* _Caption-style text data_:
......

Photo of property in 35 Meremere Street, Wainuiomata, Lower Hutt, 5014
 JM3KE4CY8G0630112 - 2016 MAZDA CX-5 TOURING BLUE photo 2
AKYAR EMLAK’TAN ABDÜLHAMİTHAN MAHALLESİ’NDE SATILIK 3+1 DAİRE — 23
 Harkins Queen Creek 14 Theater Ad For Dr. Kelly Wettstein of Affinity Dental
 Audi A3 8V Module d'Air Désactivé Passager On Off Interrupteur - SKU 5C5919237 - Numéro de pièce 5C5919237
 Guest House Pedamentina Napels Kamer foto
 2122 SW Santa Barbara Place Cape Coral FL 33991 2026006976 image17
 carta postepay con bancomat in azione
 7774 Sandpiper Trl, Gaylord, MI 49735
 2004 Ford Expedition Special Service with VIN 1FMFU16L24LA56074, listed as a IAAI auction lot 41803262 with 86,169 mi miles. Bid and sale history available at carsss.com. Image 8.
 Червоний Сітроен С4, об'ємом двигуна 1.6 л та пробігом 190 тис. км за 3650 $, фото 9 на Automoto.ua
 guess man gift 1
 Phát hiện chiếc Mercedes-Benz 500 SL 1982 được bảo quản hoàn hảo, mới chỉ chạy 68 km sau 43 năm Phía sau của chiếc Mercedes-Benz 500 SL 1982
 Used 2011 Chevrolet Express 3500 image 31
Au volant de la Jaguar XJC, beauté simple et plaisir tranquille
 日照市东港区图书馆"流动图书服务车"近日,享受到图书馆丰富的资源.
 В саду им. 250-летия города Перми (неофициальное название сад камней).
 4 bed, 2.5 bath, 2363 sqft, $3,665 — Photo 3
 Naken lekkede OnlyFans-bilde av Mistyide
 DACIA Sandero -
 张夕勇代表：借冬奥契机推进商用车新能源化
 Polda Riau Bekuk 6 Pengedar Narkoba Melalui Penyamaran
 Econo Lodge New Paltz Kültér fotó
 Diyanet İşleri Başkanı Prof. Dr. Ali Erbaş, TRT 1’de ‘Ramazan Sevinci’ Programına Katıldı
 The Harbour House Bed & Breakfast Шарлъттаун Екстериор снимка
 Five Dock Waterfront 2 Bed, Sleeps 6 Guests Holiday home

......

* _Task statement_: Please show, exactly as written, every line above that contains the word "House".

* _Expected answer_:
 Guest House Pedamentina Napels Kamer foto
 The Harbour House Bed & Breakfast Шарлъттаун Екстериор снимка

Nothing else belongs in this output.